In a pre-final waltz worthy of Fred Astaire and Ginger Rogers the players, coaches and backroom staff of England and South Africa have all packed their bags and moved across Tokyo to the hotel their opponents have just vacated. For the English contingent it is farewell, folks, to their Disney resort base while the Springboks say konnichiwa again to Mickey and Minnie Mouse.
These things are not entirely scientific but living next to the Magic Kingdom did not do Eddie Jones’s squad any harm last week.
While the Springboks’ management will hope the same spell is cast upon them in the build-up to Saturday’s final, they also know the alchemist-in-chief has relocated across town. Jones has already experienced two World Cup finals as a coach and knows precisely which buttons need pressing this week.
It is his firm belief, for a start, that no one ever needs motivating in the lead up to a World Cup final. Jones took Australia to within a Jonny Wilkinson drop-goal of beating England in 2003 and helped South Africa over the line as a hastily-recruited consultant in 2007; both campaigns taught him that, in final week, less is more.

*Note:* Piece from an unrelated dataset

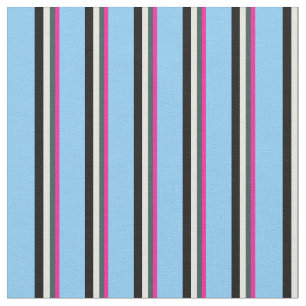 Djup Rosa, skiffer Grått, Beige, Black & Himlar Bl Tyg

“It’s always about doing less. Coaches tend to think they’ve got to do more but it’s about making sure we don’t over-coach the players and let them find their own rhythms.
“It’s about doing certain things right, keeping the players fresh physically, keeping them fresh mentally, making sure they have enough to do off the field. We need to make sure they’re physically fresh and mentally clear, have the game plan in their head, know how they want to play and are aware of the challenges ahead. Our players will be ready to go.”
It was equally instructive to hear Jones argue that, far from easing up, he thinks England can raise their level again this Saturday. If that sounds improbable given the staggering effort that went into beating the All Blacks, he reckons the intense fitness regime they have undergone since the summer is now paying off. “The great thing about our players is that, physically, they are in fantastic condition. Their ability to recover is extraordinary. I wouldn’t hesitate to say our training’s going to be to a higher standard this week than it was last week. That’s how good a condition we are in.
“Look, we played a great team on Saturday but we don’t feel we’ve played as well as we can. The challenge for us is to keep improving. As you go through the tournament, the margins get smaller but the improvements you can make are still significant. We’re looking to see how we can keep improving for this week’s game and that’s the exciting part for us.”
With Jones there can often be a touch of judicious top spin – he was once a decent off-spinner back in Randwick – but self-belief is now oozing from every English pore. New Zealand could find no way back in Yokohama partly because England kept on coming.
Tom Curry, Maro Itoje and Billy Vunipola all played the full 80 minutes yet already look in more than decent shape again. "The big thing for us is holding back the players this week and making sure they don't go before the siren rings," stressed Jones.
“That’s why we can be fairly relaxed this week. We’ve done a lot of hard work, we know what’s ahead of us, we know we can play to our strengths and we’ve got a pretty good idea of what we take away from the Springboks game [against Wales]. The only thing we are really worried about is how the Springboks turn up on Saturday. They won a tough semi-final and when you are in the final of a World Cup, you have done a lot of things right.”
Nor is Jones in much doubt as to how Rassie Erasmus’s side will look to confront England. “They are a massively aggressive, physical forward pack and they probably played their stronger team in the second half as opposed to the first. There are not many Springbok teams that don’t come through the front door. So we’ve got to be ready at the front door and have enough cover at the back door, too. Rassie is a cunning coach and has done a great job with the Springboks. We’re prepared for the unexpected . . . they are going to be a difficult side to beat.”
Working in England’s favour, though, is something Erasmus can do absolutely nothing about. While Jones’s popularity with the Japanese public was already stratospheric prior to the tournament, the All Blacks’ semi-final demise has now guaranteed England further neutral support.
Jones, in addition, says his squad want to give the country – or at least the English part of the UK – another boost at a time of significant political turmoil. “With Brexit at the moment they probably need something to cheer about. It’s a job of the team to make the country happy.” A tense World Cup final may await but Jones has rarely sounded so completely at ease.